Previous comparative studies in normal populations have shown that bone is estimated as younger with the G&P method than with the TW method [1317]. This consistent finding has mainly been attributed to racial and socioeconomic differences between the reference populations used for the two methods. The G&P method was based on study of American children of high socioeconomic status in the 1940s whereas the TW method was based on British children of low socioeconomic status in the 1950s. Previous comparative studies have compared the G&P method with either the TW1 or the TW2 methods. In the 2001 third edition of the TW method (now termed TW3) there are considerable changes in the reference population, which now includes population data from North America and Europe. Thus, bone ages estimated with the TW3 method are 1 year younger than those estimated with the TW2 method for children aged from 10 years upwards, but show smaller differences at younger ages [7]. A recent study comparing the TW2 and TW3 methods has indeed shown that TW3 estimates of bone age are younger than TW2 estimates [18]. Our study, the first to compare the newly developed TW3 method with the G&P method, supports this observation. Furthermore, our results show that the TW3 method estimates bone ages as more advanced than the G&P method in thalassaemic patients aged <10 years, but this was reversed in older patients (Fig. 1). Bone ages obtained with both methods were younger than chronological ages in all age groups except in thalassaemic patients aged <5 years assessed with the TW3 method. Bone ages estimated with both methods were closer to chronological age in younger patients, whereas in older patients estimated bone ages were significantly younger than chronological ages.
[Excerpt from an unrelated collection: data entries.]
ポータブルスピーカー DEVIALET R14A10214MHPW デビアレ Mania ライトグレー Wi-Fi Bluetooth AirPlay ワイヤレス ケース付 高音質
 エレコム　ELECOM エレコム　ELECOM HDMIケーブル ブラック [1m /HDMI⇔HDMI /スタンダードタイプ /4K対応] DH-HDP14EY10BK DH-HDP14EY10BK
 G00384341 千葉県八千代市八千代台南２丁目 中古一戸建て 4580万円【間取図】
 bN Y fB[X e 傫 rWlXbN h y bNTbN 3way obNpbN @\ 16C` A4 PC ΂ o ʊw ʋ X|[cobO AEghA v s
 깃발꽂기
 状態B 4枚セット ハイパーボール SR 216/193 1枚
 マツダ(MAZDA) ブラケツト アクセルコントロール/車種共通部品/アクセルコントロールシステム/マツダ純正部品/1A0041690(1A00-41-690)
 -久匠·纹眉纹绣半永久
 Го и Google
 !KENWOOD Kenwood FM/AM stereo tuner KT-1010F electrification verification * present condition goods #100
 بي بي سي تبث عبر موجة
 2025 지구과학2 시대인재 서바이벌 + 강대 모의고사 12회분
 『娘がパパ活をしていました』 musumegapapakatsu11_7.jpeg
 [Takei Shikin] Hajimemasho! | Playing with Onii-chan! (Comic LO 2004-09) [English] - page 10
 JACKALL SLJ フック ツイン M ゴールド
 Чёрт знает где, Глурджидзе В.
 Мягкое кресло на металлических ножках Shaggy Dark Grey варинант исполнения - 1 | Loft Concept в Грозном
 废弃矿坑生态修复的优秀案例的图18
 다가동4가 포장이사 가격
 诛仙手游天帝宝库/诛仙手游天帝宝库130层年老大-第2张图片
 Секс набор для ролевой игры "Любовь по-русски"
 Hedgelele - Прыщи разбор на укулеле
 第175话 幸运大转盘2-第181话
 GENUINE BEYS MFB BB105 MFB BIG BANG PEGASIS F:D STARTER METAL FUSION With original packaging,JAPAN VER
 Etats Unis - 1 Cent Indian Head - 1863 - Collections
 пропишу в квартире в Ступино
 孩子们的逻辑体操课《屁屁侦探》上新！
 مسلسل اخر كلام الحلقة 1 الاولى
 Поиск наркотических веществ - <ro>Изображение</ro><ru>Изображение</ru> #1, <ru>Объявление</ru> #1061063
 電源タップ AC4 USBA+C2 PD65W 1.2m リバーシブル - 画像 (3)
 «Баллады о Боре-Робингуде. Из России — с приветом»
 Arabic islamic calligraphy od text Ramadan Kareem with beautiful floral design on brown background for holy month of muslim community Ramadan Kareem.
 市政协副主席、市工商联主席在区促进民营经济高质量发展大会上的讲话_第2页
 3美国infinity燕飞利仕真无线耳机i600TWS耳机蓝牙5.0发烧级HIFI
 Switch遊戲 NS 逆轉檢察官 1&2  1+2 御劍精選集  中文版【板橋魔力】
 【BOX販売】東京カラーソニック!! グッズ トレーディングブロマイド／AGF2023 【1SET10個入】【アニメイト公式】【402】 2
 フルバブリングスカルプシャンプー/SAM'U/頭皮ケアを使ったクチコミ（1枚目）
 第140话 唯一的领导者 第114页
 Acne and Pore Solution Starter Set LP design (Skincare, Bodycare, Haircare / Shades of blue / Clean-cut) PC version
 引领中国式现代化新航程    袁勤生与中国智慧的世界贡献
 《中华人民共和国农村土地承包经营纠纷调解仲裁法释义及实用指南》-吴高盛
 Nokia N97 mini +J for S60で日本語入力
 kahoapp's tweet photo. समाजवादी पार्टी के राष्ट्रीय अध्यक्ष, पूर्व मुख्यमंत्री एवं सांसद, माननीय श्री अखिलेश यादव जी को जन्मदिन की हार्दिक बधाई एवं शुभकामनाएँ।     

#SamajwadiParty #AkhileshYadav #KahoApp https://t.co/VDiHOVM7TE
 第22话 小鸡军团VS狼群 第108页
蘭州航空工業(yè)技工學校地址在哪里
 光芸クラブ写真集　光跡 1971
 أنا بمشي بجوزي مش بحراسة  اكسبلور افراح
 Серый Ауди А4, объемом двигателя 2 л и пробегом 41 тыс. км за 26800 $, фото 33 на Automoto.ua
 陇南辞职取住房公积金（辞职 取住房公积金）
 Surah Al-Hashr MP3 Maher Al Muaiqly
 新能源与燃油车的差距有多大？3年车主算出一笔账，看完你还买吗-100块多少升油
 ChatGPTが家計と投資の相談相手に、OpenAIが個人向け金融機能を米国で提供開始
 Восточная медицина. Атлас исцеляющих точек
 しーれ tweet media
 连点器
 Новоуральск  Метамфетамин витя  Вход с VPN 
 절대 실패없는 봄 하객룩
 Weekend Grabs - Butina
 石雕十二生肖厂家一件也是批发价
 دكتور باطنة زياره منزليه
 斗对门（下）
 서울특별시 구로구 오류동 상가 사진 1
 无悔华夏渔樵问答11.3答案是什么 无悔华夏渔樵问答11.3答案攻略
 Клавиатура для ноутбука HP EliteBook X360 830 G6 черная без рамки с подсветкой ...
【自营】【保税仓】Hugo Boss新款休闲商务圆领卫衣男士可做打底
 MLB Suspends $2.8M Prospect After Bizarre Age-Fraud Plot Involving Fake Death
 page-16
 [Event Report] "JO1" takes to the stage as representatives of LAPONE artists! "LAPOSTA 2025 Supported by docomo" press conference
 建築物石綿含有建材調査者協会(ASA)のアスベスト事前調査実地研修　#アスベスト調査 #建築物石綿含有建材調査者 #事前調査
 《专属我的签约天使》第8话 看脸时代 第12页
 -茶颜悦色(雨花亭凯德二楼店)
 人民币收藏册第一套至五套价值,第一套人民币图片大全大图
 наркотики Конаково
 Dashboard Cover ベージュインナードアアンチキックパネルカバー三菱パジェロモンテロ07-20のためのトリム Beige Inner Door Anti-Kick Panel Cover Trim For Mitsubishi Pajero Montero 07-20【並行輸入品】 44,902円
This can be mainly attributed to the multifactorial growth and pubertal retardation observed in thalassaemic children and adolescents [19].

Prediction of final height based on bone age estimations is both challenging and clinically important as it influences to a large extent decisions on therapeutic interventions. Our results indicate that both methods generally overestimated final height in our patients, but mean errors were within acceptable limits although with wide ranges (Table 2). Indeed, if we set the confidence limits of attained final height to be predicted final height ±5.0 cm then only 64% of the predicted final heights obtained with the G&P method and 79% of those predicted with the TW3 method were within the limits, with a statistically significant difference between methods (P=0.029). The prediction of final height with the G&P method in girls seems to be particularly inaccurate as only 50% of girls attained a final height within the limits of predicted final height ±5.0 cm. Hence, these large confidence intervals must be taken into account and thalassaemic patients should be informed about the full range of predicted final height and not just the mean value.

Conclusion

Both studied methods (G&P and TW3) gave similar results regarding reliability, although the estimates were not equivalent. Thus, for serial assessments in an individual patient, one method should be used exclusively. The TW3 height prediction method seems to be more accurate in patients with β-thalassaemia major than the G&P method; however, large confidence intervals must be taken into account.